The Sharpe Foundation's support to individuals is unusual in that it comes mostly in the form of in-kind support — information, space, and training. The Foundation, in cooperation with the American Council for the Arts, launched the Visual Artist Information Hotline in 1990 to provide artists accurate information about a variety of programs and services available to them. Sharpe was the sole funder of the Hotline until 1994. In 1996 a consortium of funders joined to support the Hotline, and its management was transferred to the New York Foundation for the Arts where it continues to be housed today. Last year, the Hotline responded to some 5,000 inquiries from artists around the U.S.

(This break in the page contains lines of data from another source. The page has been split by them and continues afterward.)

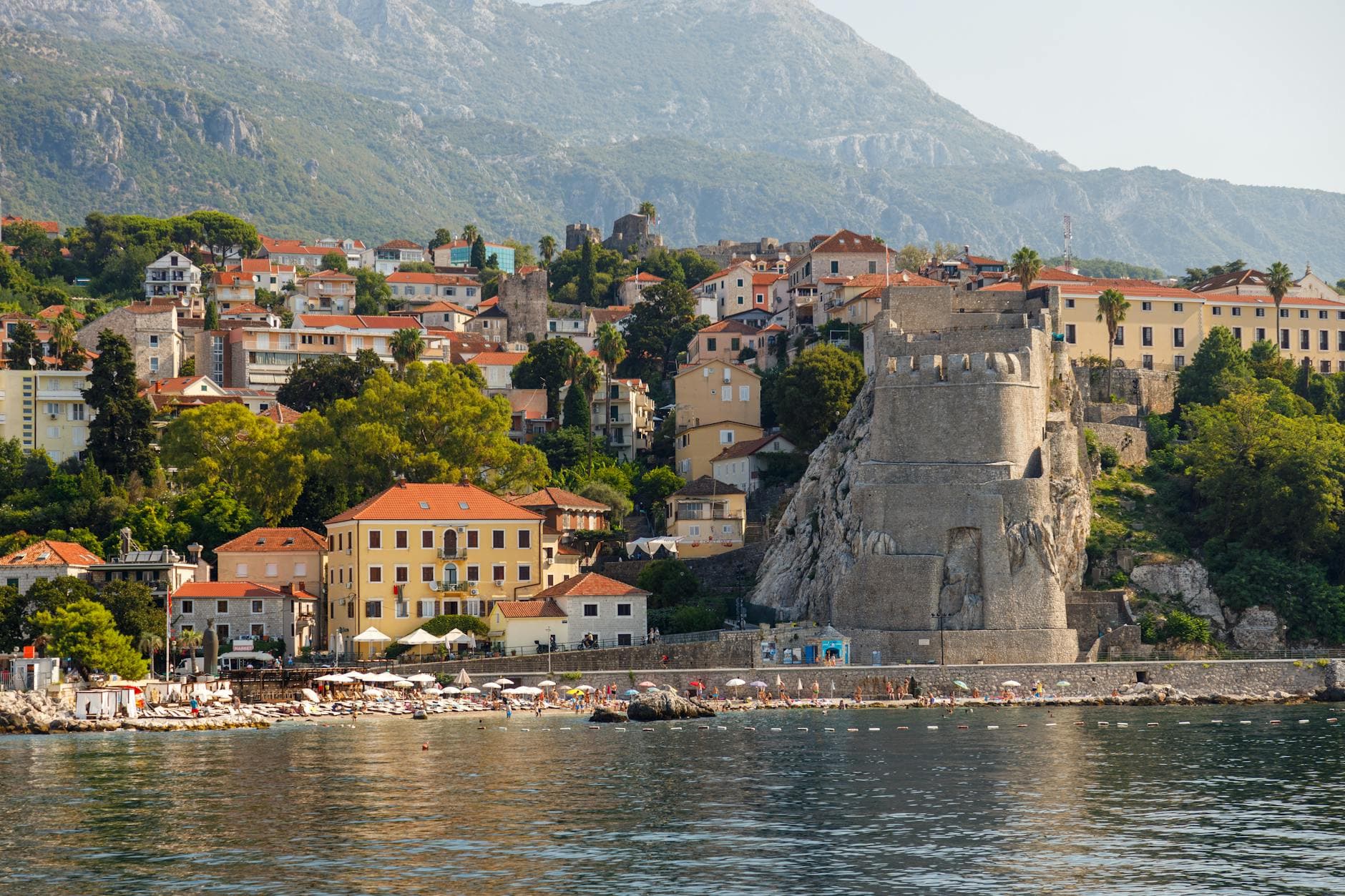 Breathtaking view of Herceg Novi featuring the Kanli Kula Fortress and vibrant coastline.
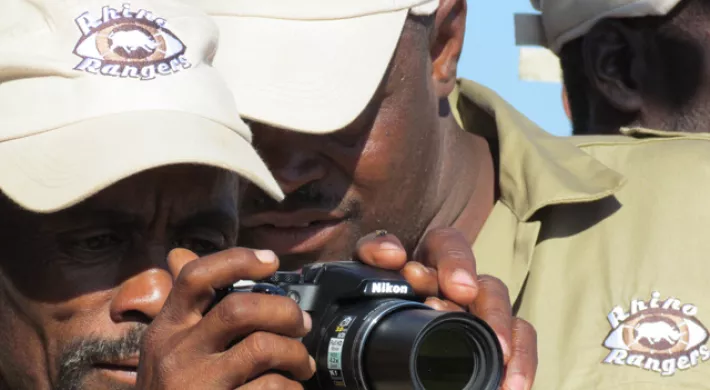 Two dark skinned men stand close together, staring at a digital camera screen. They are wearing tan baseball caps and tan buttons up shirts that say "Rhino Rangers" on the lapel. The back of another man's head is visible in the background.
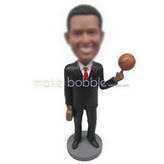 Business man in black suit handing up with a basketball custom bobbleheads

In 1991, the Foundation initiated its Space Program, which provided visual artists with free studio space in Tribeca in New York City for up to twelve months. Since 1991, the Foundation has been able to provide 130 artists with prime workspace that has enabled the development of new bodies of work. Sadly, with real estate costs rising as much as 500 percent in Tribeca, the Foundation has had to put the program on hold this year. It hopes to secure alternate space and reopen the program for application in September.

The Foundation's Summer Seminar Program, established in 1987, offers intensive two-week seminars to artistically gifted high school juniors from around the U.S. Sixty students are selected for the program each year, which takes place at Colorado College in Colorado Springs. The Foundation has also been involved in providing professional/artistic development to K-12 art teachers, allowing them to concentrate on personal growth in drawing and painting.

While the Foundation is unusual for its in-kind programs of support, it is also unusual for the significant level of involvement of working artists in its governance. Most of the Foundation's current activity evolved from an initial gathering of twenty-six visual artists called together by the Foundation in 1988 in New York City. The findings of that group were published in 1989 by the Sharpe Foundation in Roundtable Discussion on the Needs of Visual Artists.

A core working group — including Philip Pearlstein, Chuck Close, Janet Fish, and Robert Storr, among others — emerged to become the Foundation's Artist Advisory Committee. The group (expanded now to eight members) remains intact today, meets regularly, and is responsible for guiding the Foundation's work. Another inter-generational roundtable meeting of visual artists is scheduled to take place in New York in 2001. The focus of that gathering will be on the needs of established and emerging artists in a changing funding environment.

Executive Director Joyce Robinson reports that the team approach to program design and implementation has worked well for the Marie Walsh Sharpe Foundation, and that the artist's voice has been central to their planning process. She urges other foundations to give artists a central role in the articulation of their mission and programs.